Beginning at the line containing "Echeveria Christmas plant", give again every line through the end of the data, unchanged and with both ends included. Drop any pictures.

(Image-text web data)
[Start of Attachment]

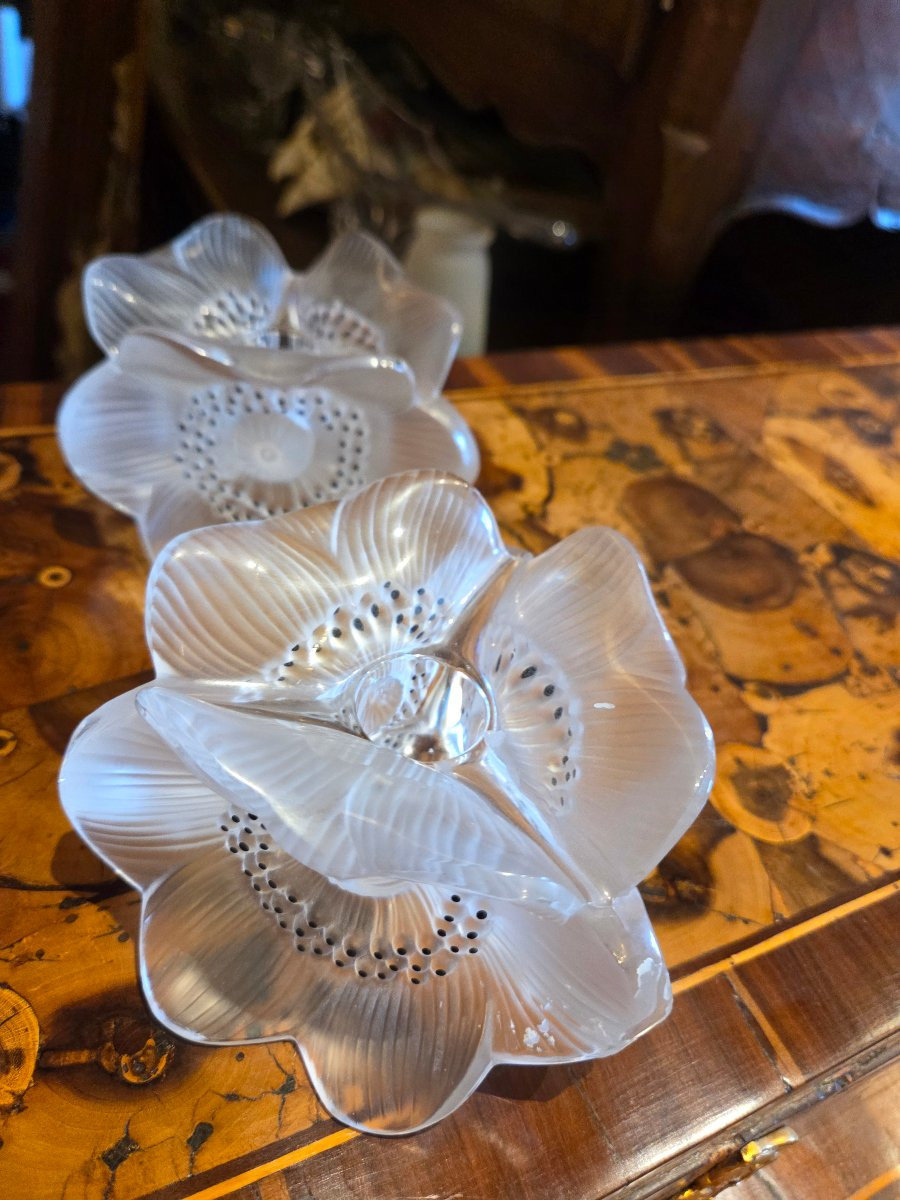 Pair Of Lalique Anemone Candlesticks From The Late 70s-photo-6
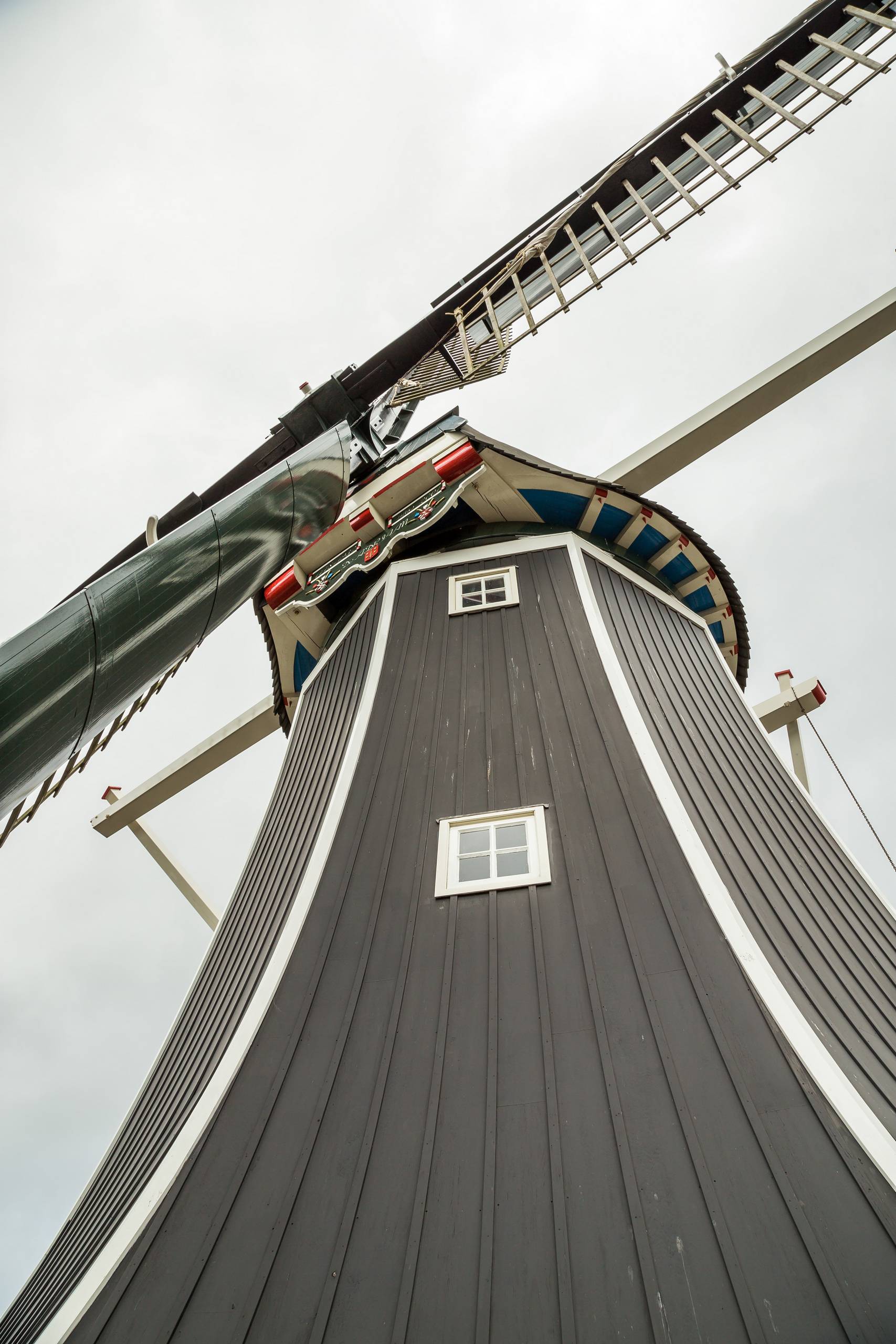 2019 Niederlande 244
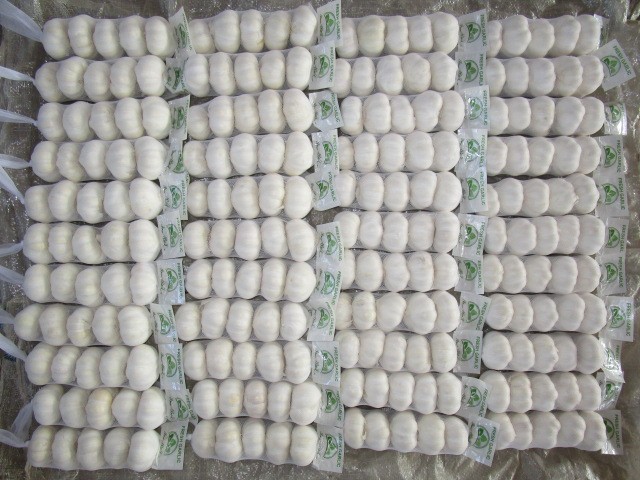Fresh Pure White Garlic
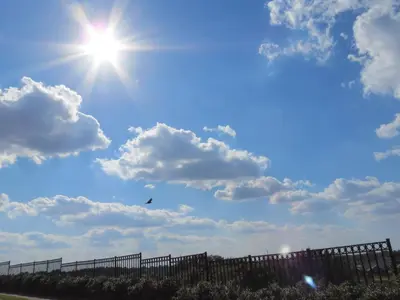 a bird flying in the sky over a fence at Formosa Garden Pool Home in Kissimmee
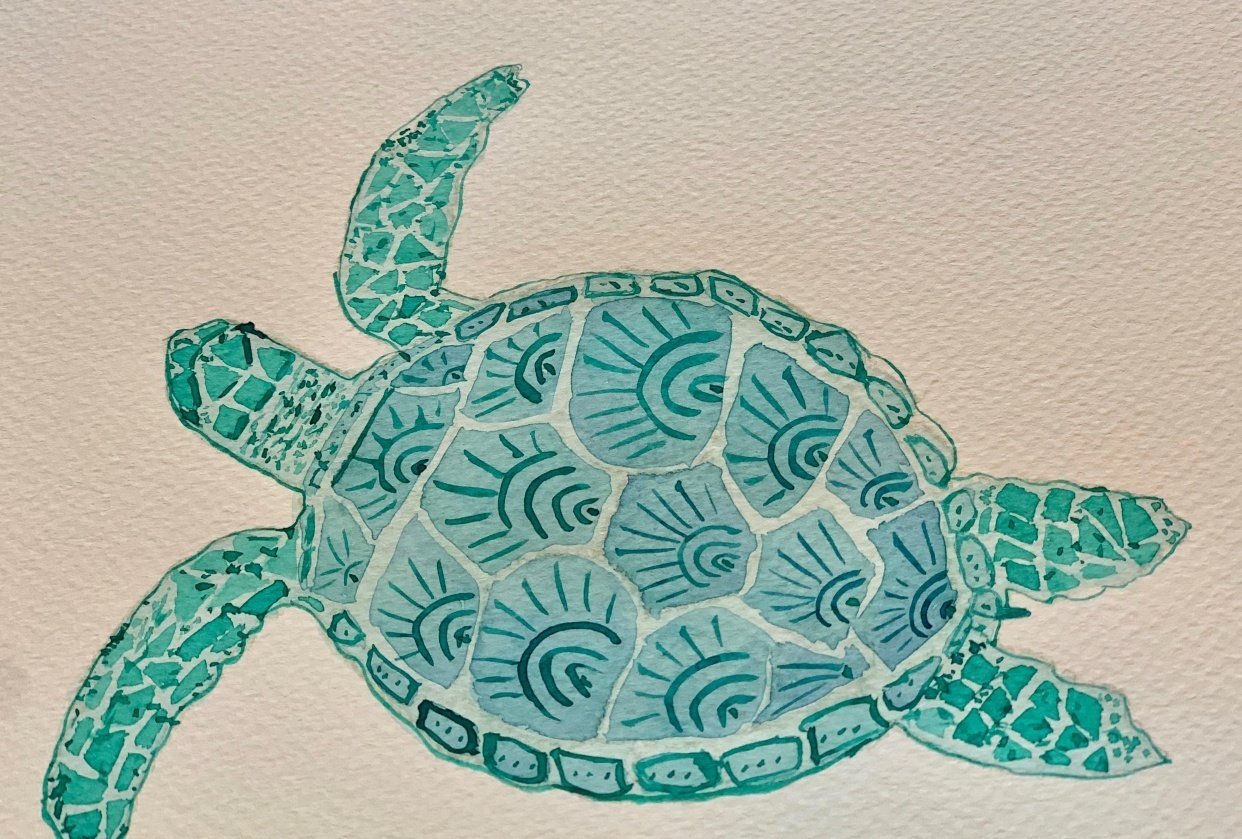 Joyful Sea Turtle! - student project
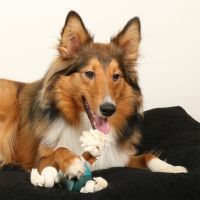 Levi Rosewood Hondenspeeltje 8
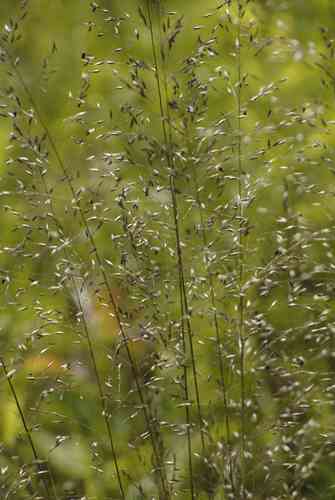 Prairie Dropseed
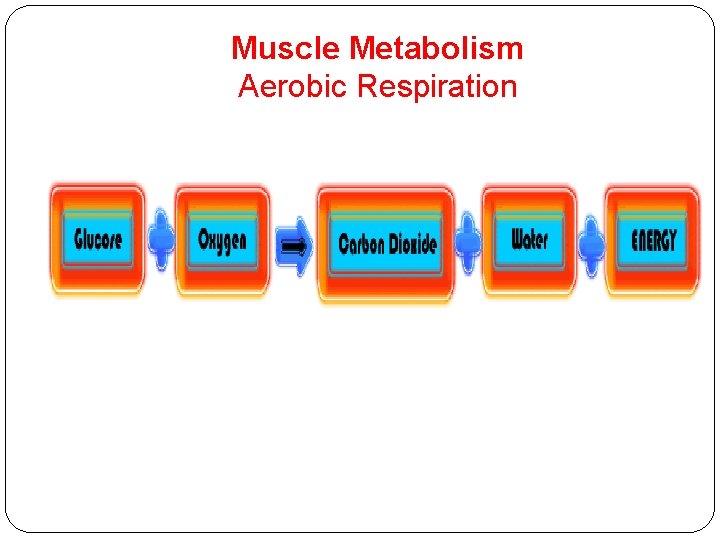 Muscle Metabolism Aerobic Respiration 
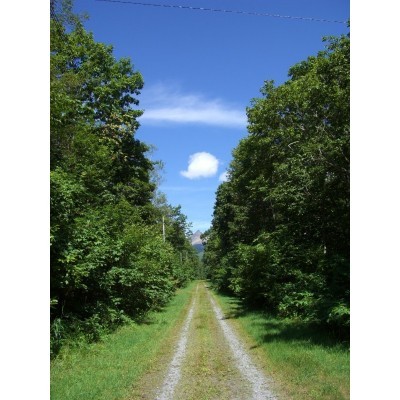 前面道路から見える夏の駒ヶ岳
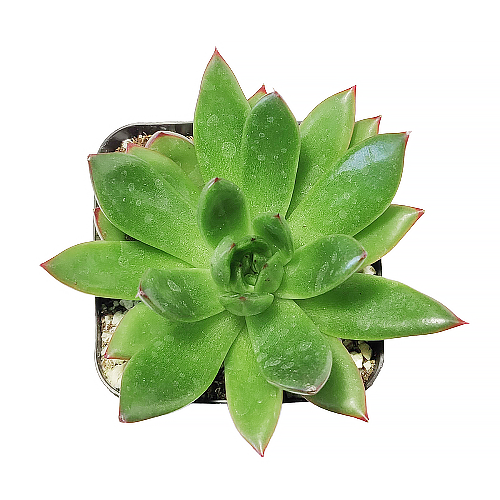Echeveria Christmas plant where to buy, Succulent Christmas Decorations, Succulent Christmas Gift Ideas, Christmas Gift Ideas for Succulent Lovers, Holiday Succulent Planter, Holiday Decorating with Succulents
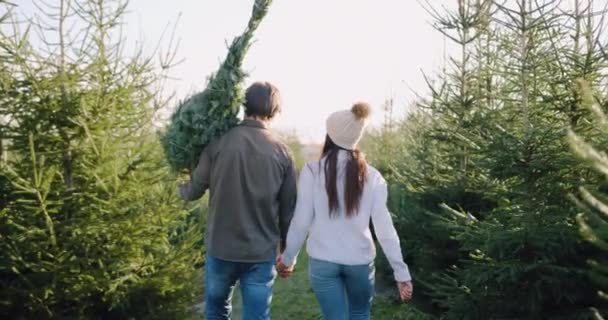 Köknar ağacını köknar ağaçlarıyla özel bir yerde alan ve burayı seçilmiş Charistmas ağacıyla terk eden çekici, mutlu, genç çiftin arka planına. — Stok video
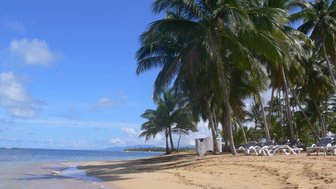 Ein sonniger Strand in der Dominikanischen Republik, umgeben von hohen Palmen und einem klaren blauen Himmel.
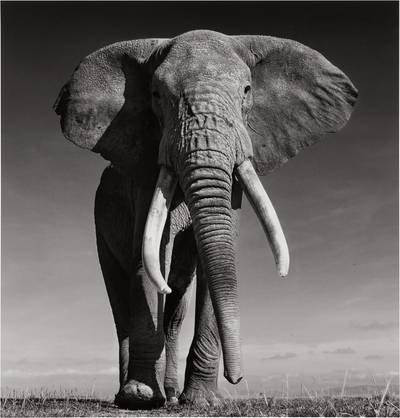 David Yarrow
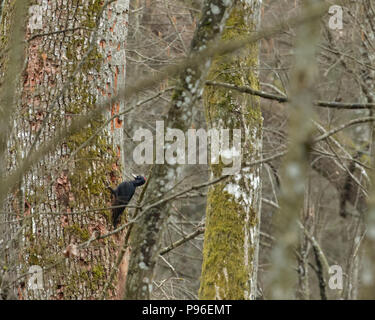 Pic noir (Dryocopus martius) à l'automne, la forêt de Bialowieza, Pologne, Europe Banque D'Images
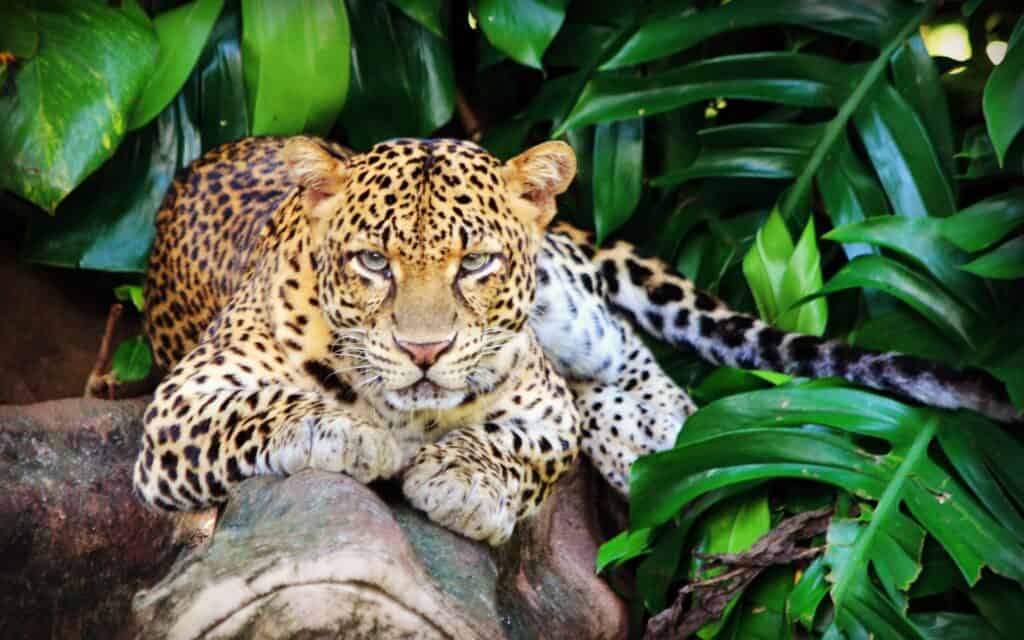 leopardo di Giava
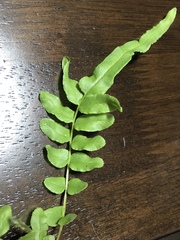 Pteris vittata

[End of Attachment]

Solution below:
Echeveria Christmas plant where to buy, Succulent Christmas Decorations, Succulent Christmas Gift Ideas, Christmas Gift Ideas for Succulent Lovers, Holiday Succulent Planter, Holiday Decorating with Succulents
 Köknar ağacını köknar ağaçlarıyla özel bir yerde alan ve burayı seçilmiş Charistmas ağacıyla terk eden çekici, mutlu, genç çiftin arka planına. — Stok video
 Ein sonniger Strand in der Dominikanischen Republik, umgeben von hohen Palmen und einem klaren blauen Himmel.
 David Yarrow
 Pic noir (Dryocopus martius) à l'automne, la forêt de Bialowieza, Pologne, Europe Banque D'Images
 leopardo di Giava
 Pteris vittata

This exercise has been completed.